▶ **PROBLEM TO SOLVE**:
Please print exactly the lines from the one containing "Ketahui Cara Mengatasi" through the last line of the records, and only those. Leave out any pictures.

▶ **DATA SUPPLIED**:

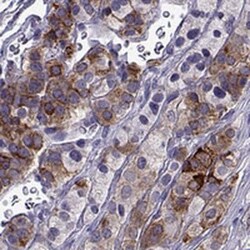 IGSF1 Antibody, Novus Biologicals:Antibodies:Primary Antibodies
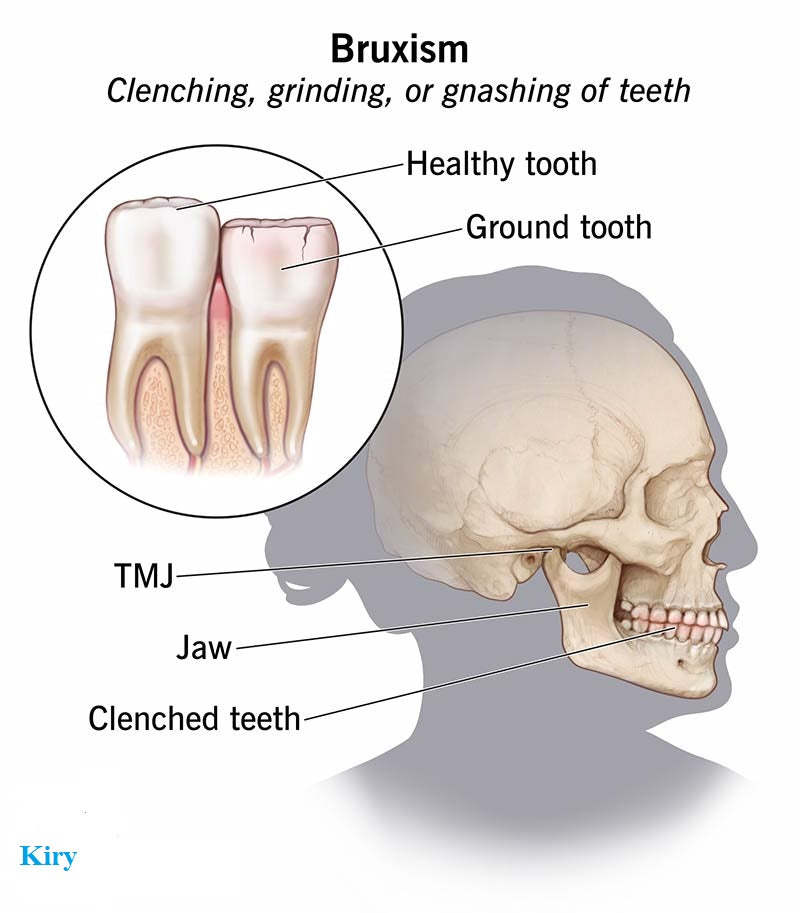 what is Bruxism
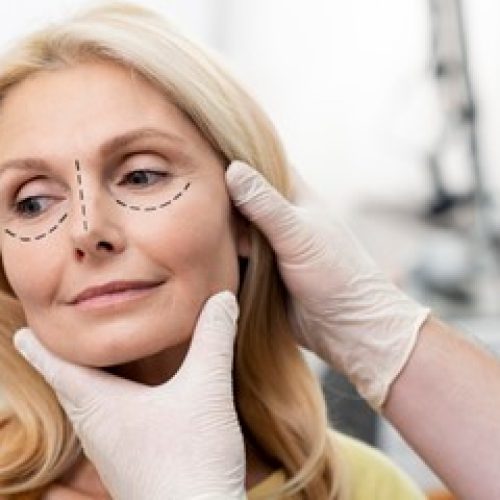 Olhos cansados A blefaroplastia pode te ajudar Olhos cansados? A blefaroplastia pode te ajudar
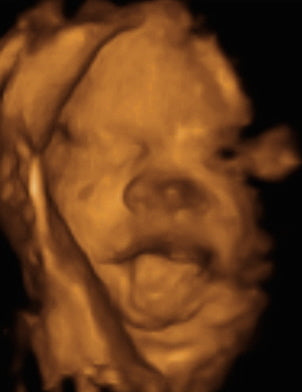 Pregnancy Week image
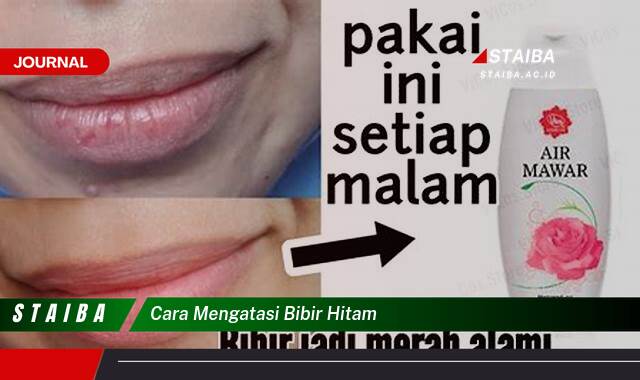 Ketahui Cara Mengatasi Bibir Hitam Secara Alami dan Cepat
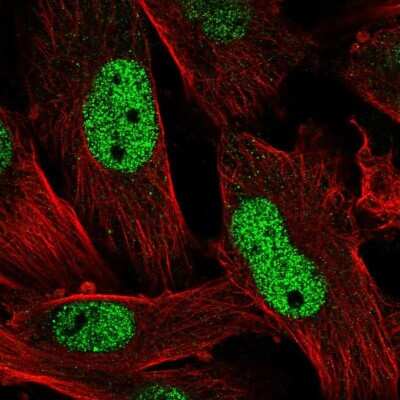 Immunocytochemistry/ Immunofluorescence: EMP/MAEA Antibody [NBP2-55034]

▶ **SOLUTION**:
 Ketahui Cara Mengatasi Bibir Hitam Secara Alami dan Cepat
 Immunocytochemistry/ Immunofluorescence: EMP/MAEA Antibody [NBP2-55034]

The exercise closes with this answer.